Average PSNR and SSIM results of σ 10, 30, 50, 70
  • RED2n: n conv and n deconv with symmetric skip connections
  • RED10 has already got the better results than other state-of-the-art approaches
  • RED30 has even better results.

3.1.2. One Model for All Noise Levels

Average PSNR and SSIM results for image denoising using a single 30-layer network
  • PSNR is degraded comparing to separate models, but it still beats the existing methods.
Visual results of image denoising. Images from left to right column are: clean image; the recovered image of RED30, BM3D, EPLL, NCSR, PCLR, PGPD, WNNM

3.2. Super Resolution

  • Enlarge the size of image.
  • Datasets: Set5, Set14, and BSD100

3.2.1. One Model for One Scaling Factor

Average PSNR and SSIM results of scaling 2, 3 and 4
  • RED30 again obtains the highest PSNR, better than SRCNN.
Visual results of image super-resolution. Images from left to right column are: High resolution image; the recovered image of RED30, ARFL+, CSC, CSCN, NBSRF, SRCNN, TSE
Average PSNR and SSIM results of scaling 2, 3 and 4
  • At the mean time for the development of RED-Net, VDSR and DRCN were invented, the concurrent works for super resolution.
  • RED30 nearly performs the best for all datasets and scaling factors.

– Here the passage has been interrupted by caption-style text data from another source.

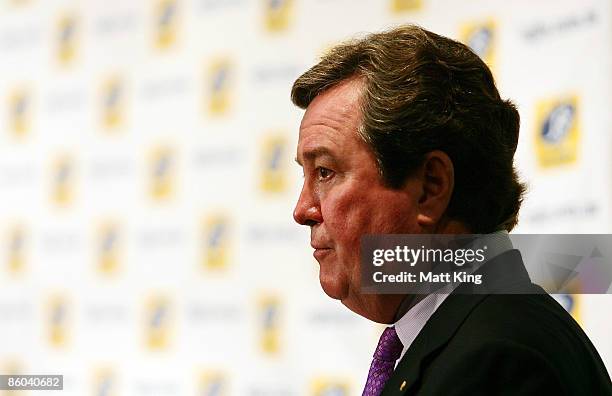 Managing Director and CEO John O'Neill speaks during an ARU press conference to announce the newly appointed 'ARU Classic Wallabies Statesmen' at ARU...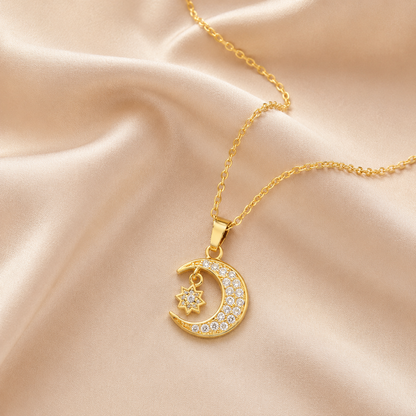 Gold Moon and Star Pendant Necklace product image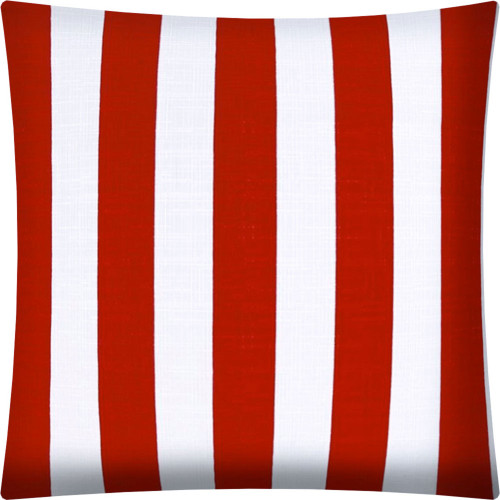 17" X 17" Red And White Zippered Striped Throw Indoor Outdoor Pillow Cover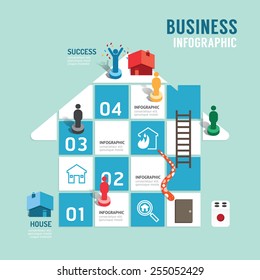 Business Board Game Concept Infographic Step To Success,property Vector Illustration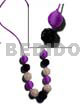 Long Endless Necklaces 20mm/25mm Round Wrapped Wood Beads In Satin Cord / 36in Adjustable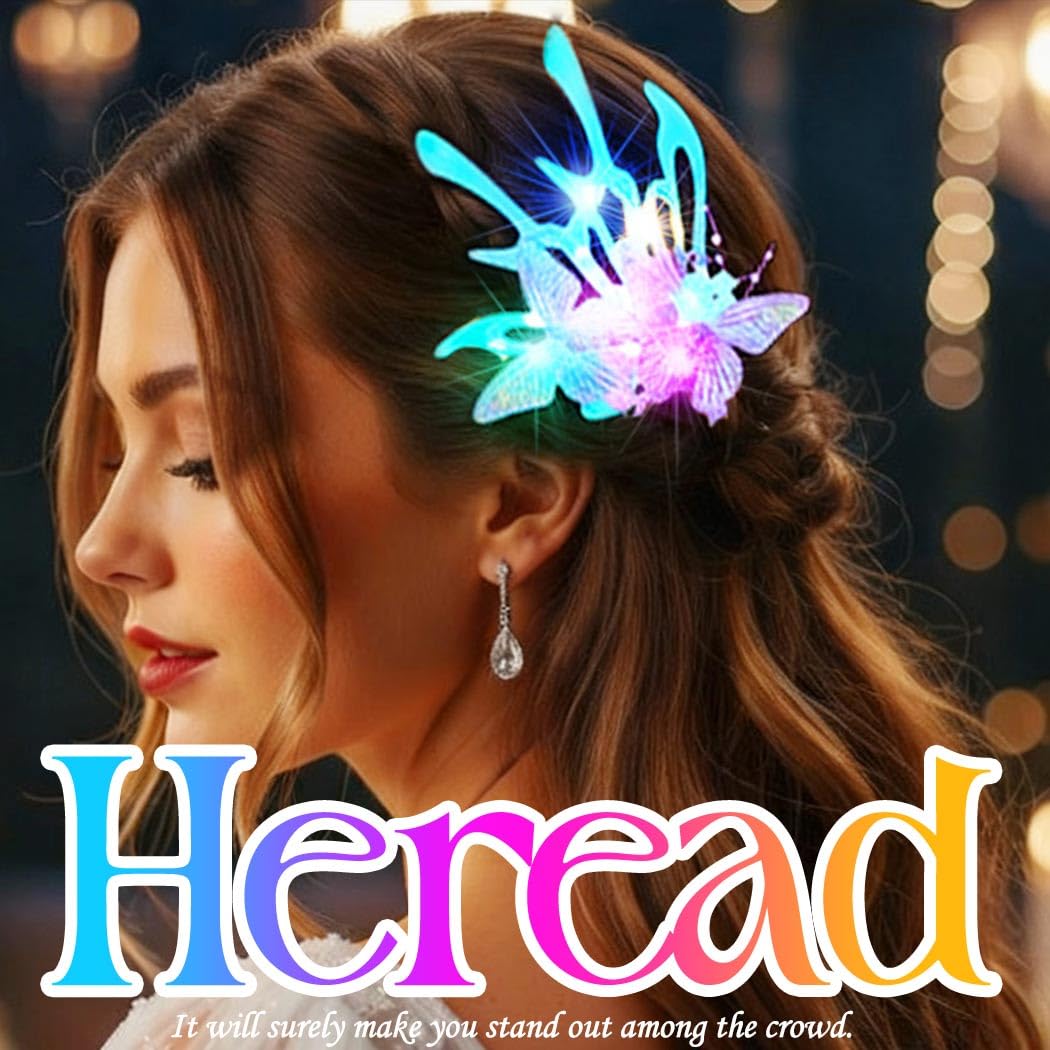 HEREAD Light Up Butterfly Hair Clips Mermaid Hair Accessoeries Pearl Hair Barrettes for Women - Image 6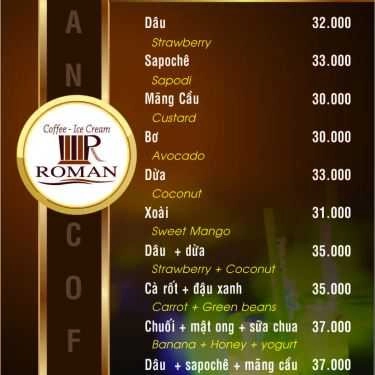 Thực đơn- Roman Cafe - Đặng Văn Ngữ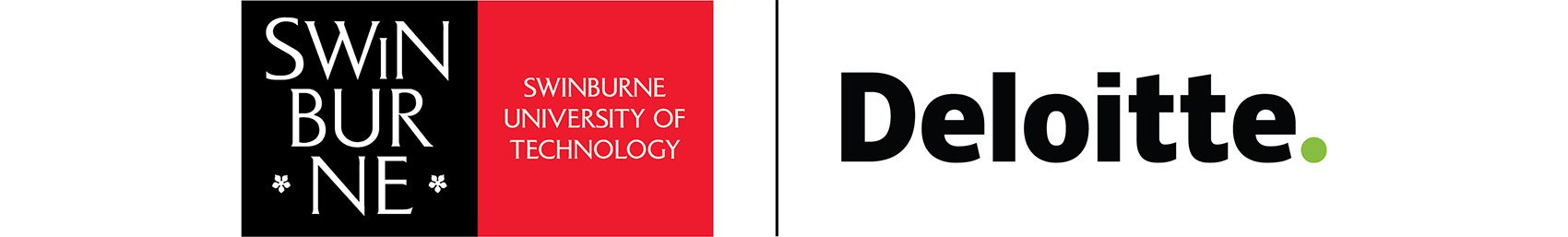 The Swinburne University of Technology logo is to the left and the text 'Deloitte' to the far right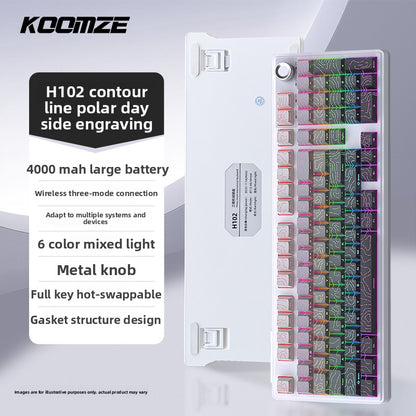 Koman 102 Mechanical Keyboard with Wireless Bluetooth Three-Mode Customization for Gaming and Office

3.2.2. One Model for All Scaling Factors

Average PSNR and SSIM results of scaling 2, 3 and 4 using a single 30-layer network
  • RED30 still performs quite well.

3.3. JPEG Deblocking

  • Lossy compression, such as JPEG, introduces complex compression artifacts, particularly the blocking artifacts, ringing effects and blurring.
  • Reduce the JPEG compression artifacts.
  • Datasets: LIVE1
JPEG compression deblock: average PSNR results of LIVE1
  • With such deep network, RED30 again obtains the best results compared with Deeper SRCNN and AR-CNN.

3.4. Image Deblurring

  • Reduce the blurs in the image.
The performance on deblurring “disk”, “motion” and “gaussian” kernels
Visual comparisons on non-blind deblurring. Images from left to right are: blurred images, the results of Cho [62], Krishnan [60], Levin [61], Schuler [63], Xu [59] and RED30
  • RED30 performs the best with highest PSNR.

3.5. Image Inpainting

  • Fill the holes or corrupted parts.
Images from left to right are: Corrupted images, the inpainting results of FoE and the inpainting results of RED30
  • RED30 has a better results compared with FoE.